The full listing, written out exactly and without images, is the expected result.

##### Source material

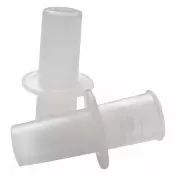 Embouts pour éthylotest électronique – Sachet de 50 unités.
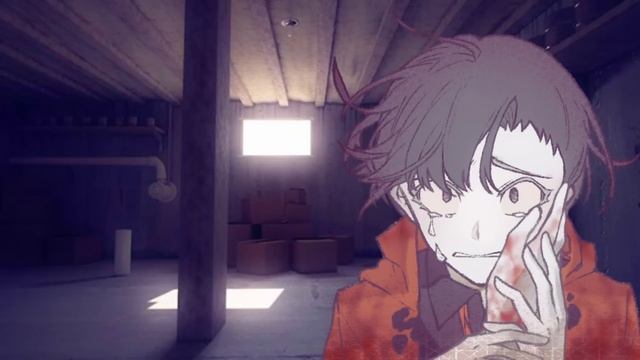 Yandere Bully Kidnaps You And Finds Your Scars [Mean] [Comfort] [Depressed Listener] смотреть онлайн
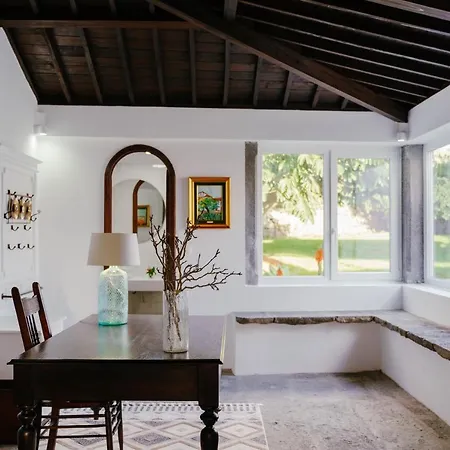 Senhora Do Carmo Charm House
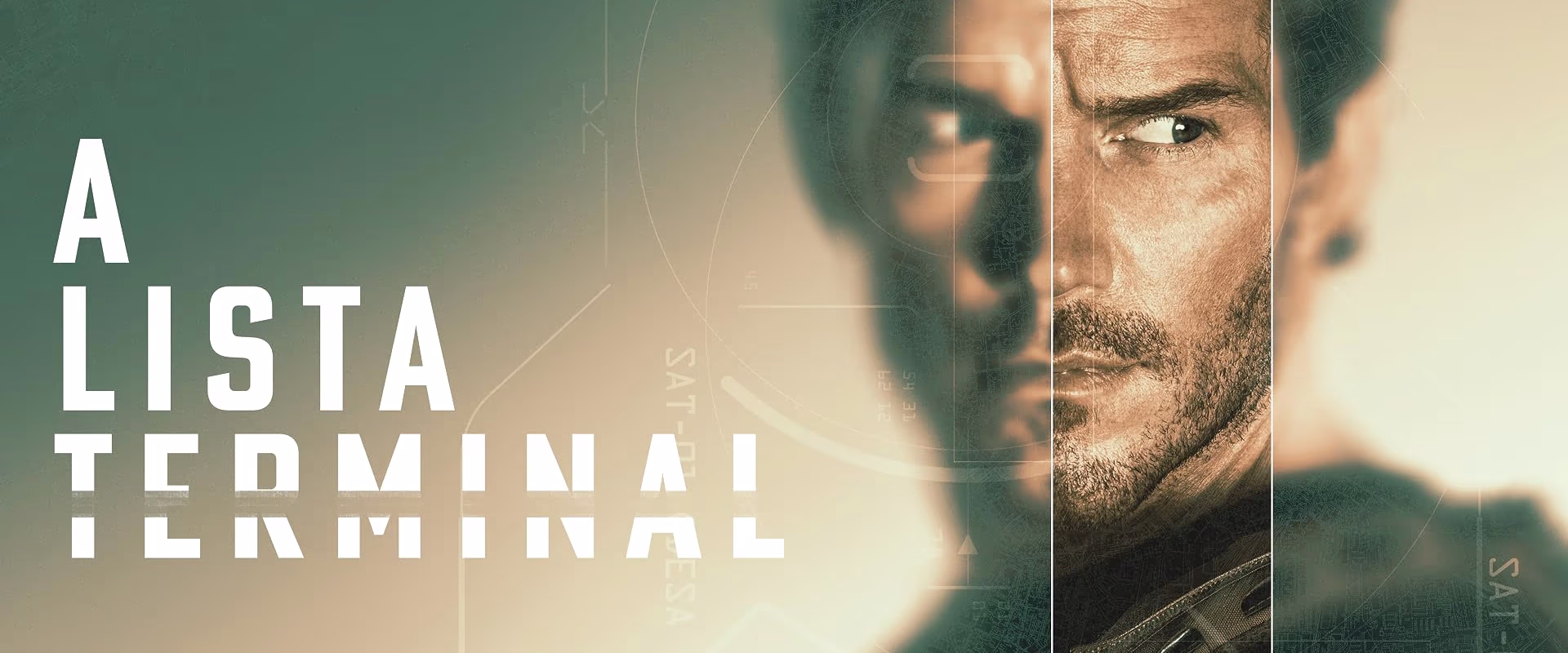 A lista terminal - temporada 2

##########

> **Output for this exercise**
 Embouts pour éthylotest électronique – Sachet de 50 unités.
 Yandere Bully Kidnaps You And Finds Your Scars [Mean] [Comfort] [Depressed Listener] смотреть онлайн
 Senhora Do Carmo Charm House
 A lista terminal - temporada 2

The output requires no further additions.